Compare Current Row to Previous Row and Fill-up Missing Data

RandyS · September 20, 2022, 8:53pm

I have a five-column, 1.8M row fact table with two critical ID fields; Location ID and Custom ID. This is historical data - 2010-2018.

All Location IDs (18k Uniques) are present but some records are missing their Customer IDs in some years, not all years. Approximately 21k records in all.

I sorted the records by Location ID and Date ascending and I see that I want to “Fill-up” the records from later dates that do have the Customer IDs.

So, here’s my question: What M code approach can I take that lets me verify that both Location ID and Customer ID exist in the record and if so compare the Location ID field of the existing record to the Location ID of the previous record, and if it finds a match “Fills-up” the Customer ID into the blank field in the previous record?

Problem:
Rec# Location ID Customer ID
1 1000 -blank-
2 1000 56789

Solution:
Rec# Location ID Customer ID
1 1000 56789
2 1000 56789

Thank you!
Randy

jps · September 21, 2022, 12:13am

Hi Randy,
here is my approach

Here is the Sample Problem Table I have created
probtable

I duplicated the query to create a unique combination of records
uniq-SolTable

and Then I merged the Query matching the Location ID from Both Queries. That adds a new Column With Customer ID against all Location ID’s.
merge

You can Now remove the Original Customer ID

I hope i understood your problem statement correctly. and this gives you the solution you are looking for.

Matthias · September 21, 2022, 12:49am

Hi Randy, 1,8 Million sounds like a lot of lines, so merging might take time.

[If you do not want to work on the complete data set you could separate the 21k, work on the smaller dataset and then append the 21k back.]

Fill up would be risky as there might be records without any Customer ID at all. These would get the Customer ID of a different Record. So yes, merging seems to be an option. For safety reasons you can merge by Record and Location - that would obviously not be necessary/useful if REC# is a valid ID.

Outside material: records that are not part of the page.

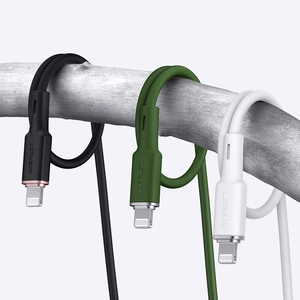 Acefast kabelis MFI USB Type C - Lightning 1.2m, 30W, 3A juodas (C2-01 juodas)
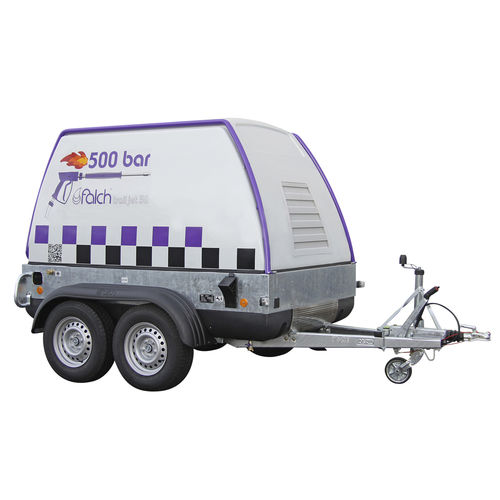 Очиститель высокое давление на горячей воде - trail jet 30 500-30-95-d - falch gmbh - с дизельным двигателем / мобильный / на прицепе
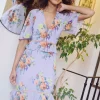 Hope & Ivy Occasionwear<The Chloe Ann Midi Tea Dress
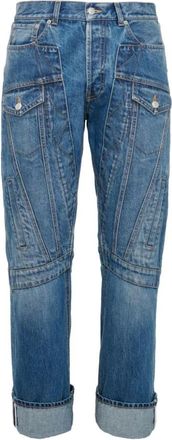 Alexander McQueen Indigo Blue Denim Straight-Leg Jeans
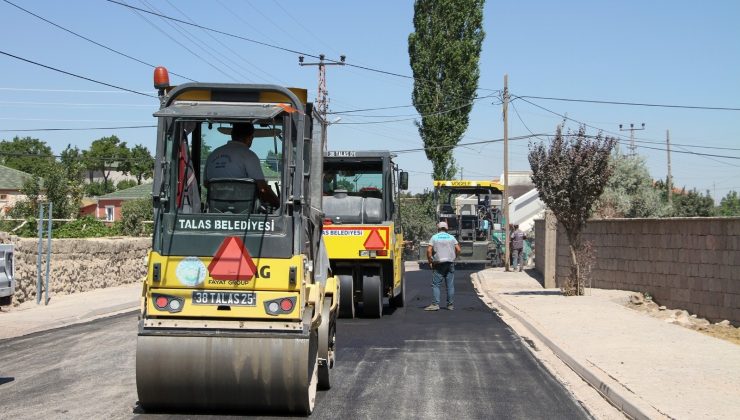Talas kırsalına 4 bin 450 ton asfalt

You do not want to create duplicates by merging, so you need to make sure that the dataset with Customer ID has only one row per entry.

One option could be:

merge the 21k w/o Customer ID with a copy of the complete data as right anti join so that only Records remain which are in some years blank. Get rid of the rows with blanks and then remove duplicates.
merge this set with Customer ID with the data set without. This time as left outer join. Expand.
you can replace the blank [Customer ID] with [Customer ID.1] like this:
Select [Customer ID] and make a right mouse selection of Replace Values . Press OK and then replace the text in the function bar to something similar like this:

= Table.ReplaceValue(prevStep, each if [Customer ID], each if [Customer ID]="" then [Customer ID.1] else [Customer ID], Replacer.ReplaceValue,{“Customer ID”})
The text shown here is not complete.